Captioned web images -
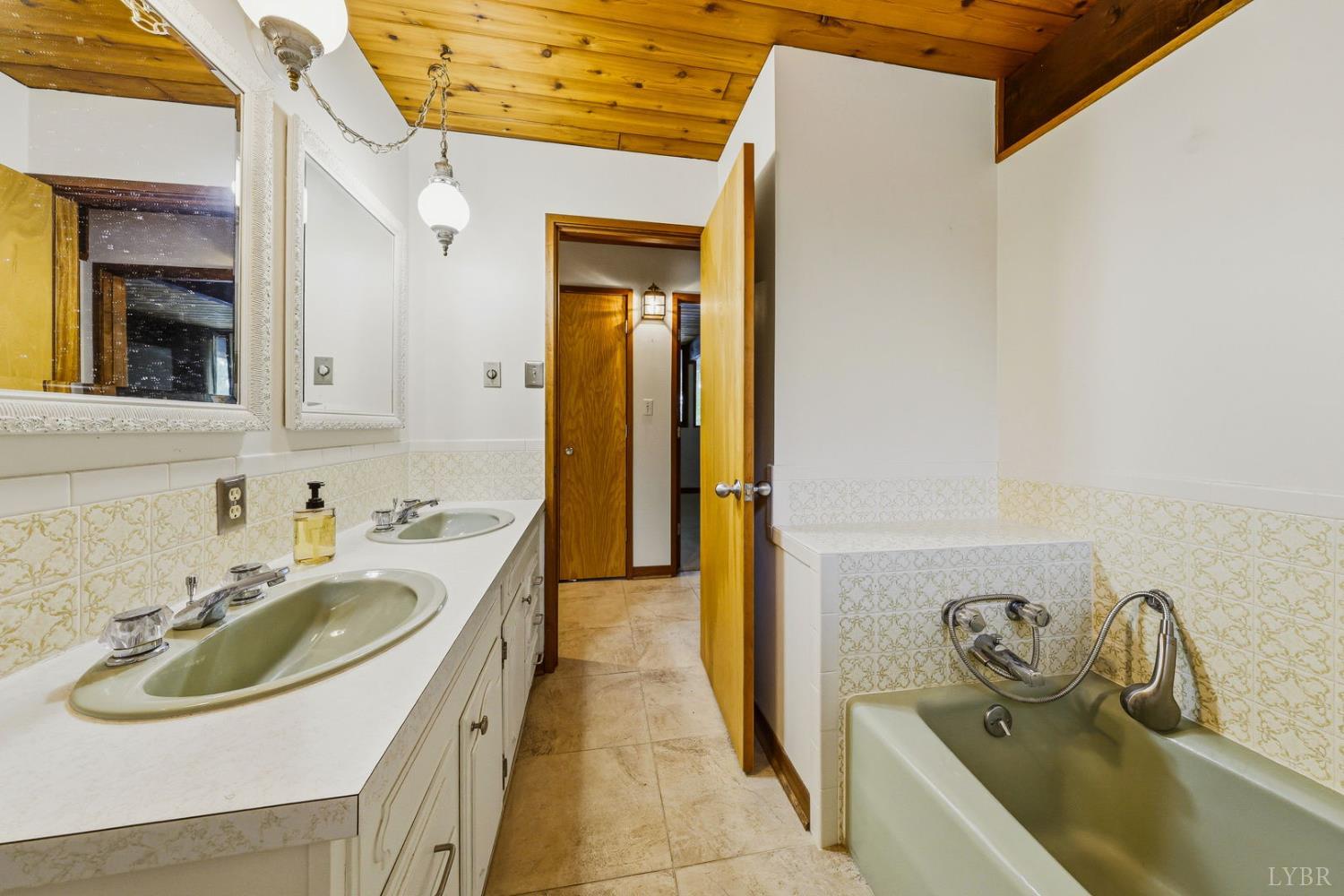 305 Lake Ridge Drive Forest, VA 24551 - Photo 56 of 84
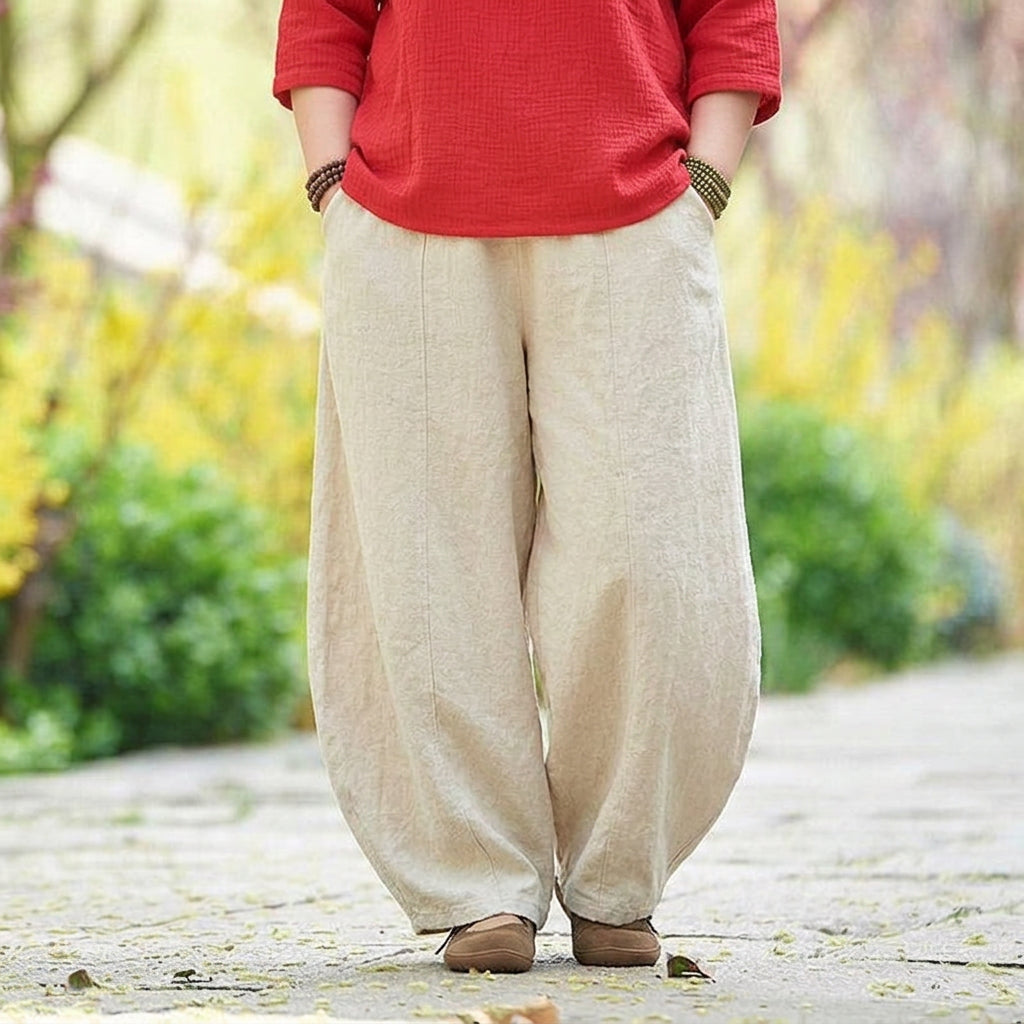 Snygga och bekväma plus size byxor för dam med rymlig passform och fickor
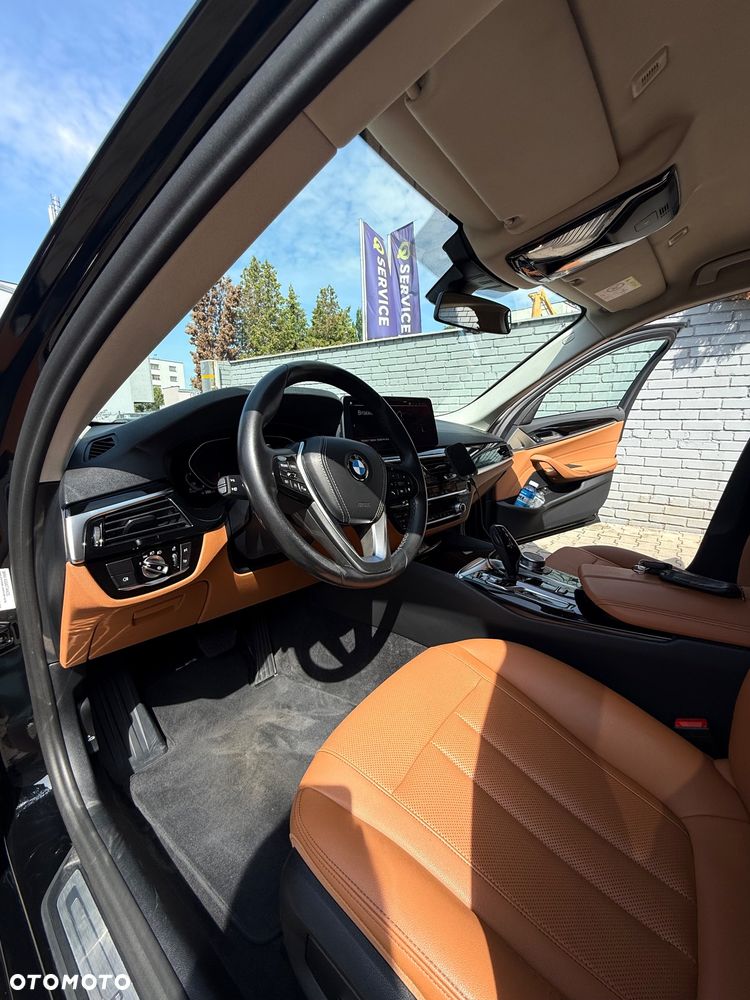 BMW Seria 5 518d mHEV - 29
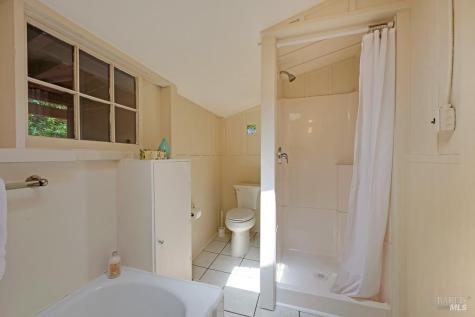 90 Laurel View Way Inverness CA 94937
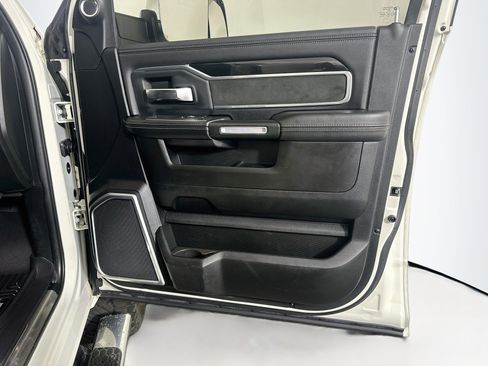 Used 2019 RAM 2500 Laramie AWD/4WD image 33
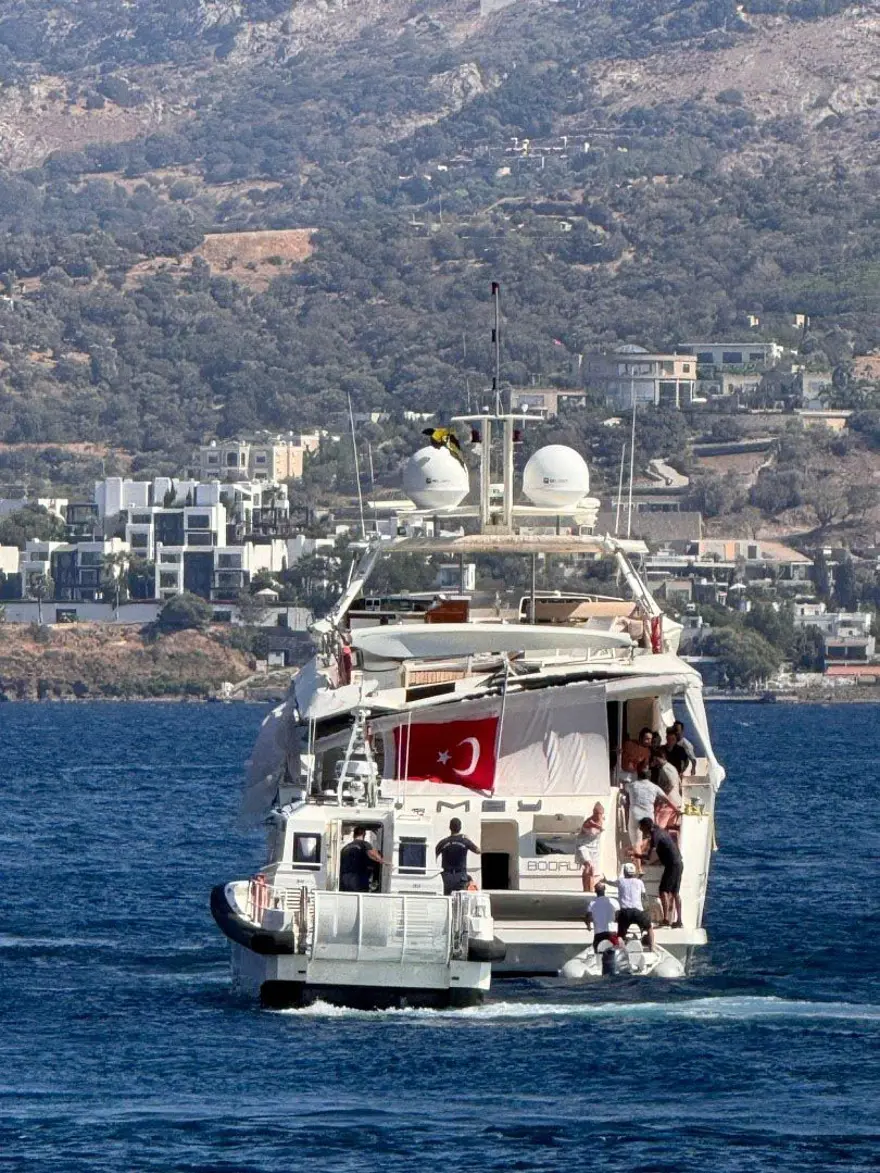 Bodrum Yalıkavak’ta milyonluk kaza: Mega yat, motor yata çarptı 4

Exercise requirements -
Exactly as written, reproduce the lines from the one containing "Used 2019 RAM 2500 Laramie AWD/4WD image 33" through the last line of the entries above, and leave every picture out.

Response -
 Used 2019 RAM 2500 Laramie AWD/4WD image 33
 Bodrum Yalıkavak’ta milyonluk kaza: Mega yat, motor yata çarptı 4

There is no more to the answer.